Aleksis’in katili Epaminontas Krokoneas’ı kurtarmaya gayret etti.

Başbakan Kostas Karamanlis isyandan küçük bir anarşist grubun sorumlu olduğunu savunurken; “Karamanlis sertlik peşinde” vurgusuyla Murat İlem ekliyor: Yunanistan’da çatışmalar ve grevle sarsılan hükümet, çareyi özgürlükleri kısıtlamakta arıyor… 15 yaşında bir gencin yargısız infaza kurban gitmesinin ardından çıkan olayları bastıramayan Başbakan Kostas Karamanlis, üniversite dokunulmazlığını ve gösterileri yasaklamaya hazırlanıyor…”

Hani “demokrasi”, “AB standartları”, vs., vb’leri?

Devlet üzerine düşünmeliyiz yeniden.

Platon’un total devletinden, Hobbes’un siyaset bilimini doğrudan etkileyen devasa çalışması Leviathan’ına, oradan da Marksizmin devlet çözümlemelerine.

Sonra da Hannah Arendt’in “totaliter devleti”nden, Louis Althusser’in “devletin ideolojik aygıtları”na veya Nicos Poulantzas’ın “olağanüstü devlet biçimi” çalışmasına…

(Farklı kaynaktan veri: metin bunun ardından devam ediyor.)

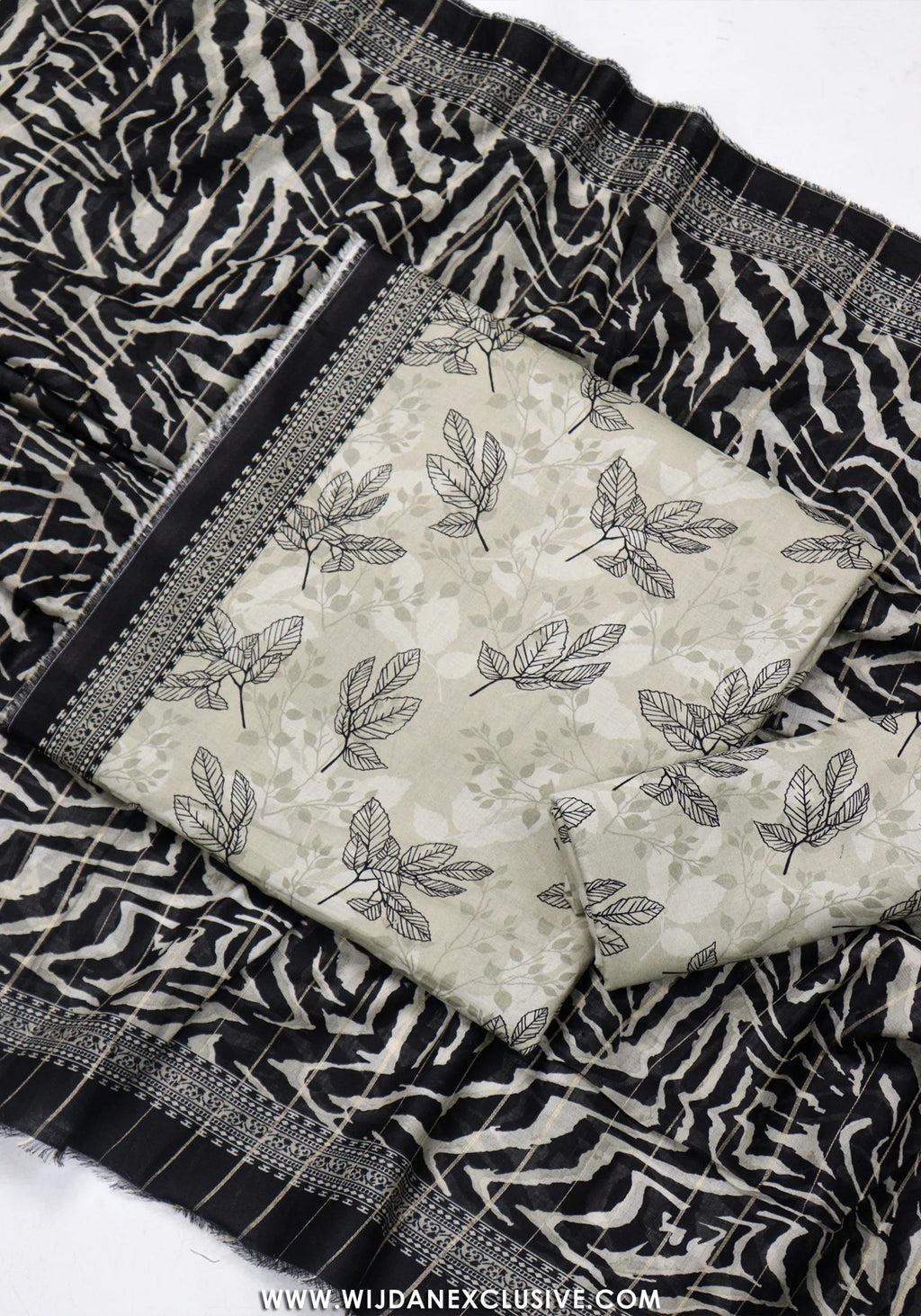 Bin Saeed Unstitched Printed Lawn Vol-I Collection - 2026 (BLACK)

Devlet üzerine düşünmeliyiz yeniden…

Hem de Kant’ın, “Eğer adalet yok olursa, o zaman yeryüzünde insanların yaşamasının artık değeri kalmaz,” sözlerini unutmadan!

OLAN BİT(MEY)EN

Yunanistan’da yaşananları, Dimitri Dellolanes “Neo-Liberalizm Krizi”[9] olarak nitelerken; olan bit(mey)ene ilişkin olarak Ergin Yıldızoğlu’nun altını çizdikleri de şunlardı:

“Sivil polislerin, 6 Aralık 2008’de Atina’nın sol eğilimli, ‘karşıt kültür’ çevrelerinin yoğunlaştığı, yıllardır, sık sık polisle çatışmaların yaşandığı Exarchia mahallesinde 15 yaşında bir genci vurarak öldürmesi Kathimerini’nin bir yorumunda vurguladığı gibi, ‘hiç de beklenmedik bir şey değildi.’[10] Ama, ardından patlak veren, hızla ülkenin büyük kentlerini saran, önceden planlanmış bir genel grevle de çakışan protesto gösterileri, herkeste şok yarattı. BBC’nin saygın ve soğukkanlı olarak nitelediği Kathimerini’nin yorumunun başlığı da ‘Yanılsamaların peçesi kalktı’ diyordu. Yorumcu, Nikos Konstandars’a göre Yunanistan’ı sarsan ve üniversite işgalleri, sokak çatışmalarıyla toplumsal ‘olayların yarattığı radikalleşmenin sonuçları gelecek on yıl boyunca yaşanacak.’[11]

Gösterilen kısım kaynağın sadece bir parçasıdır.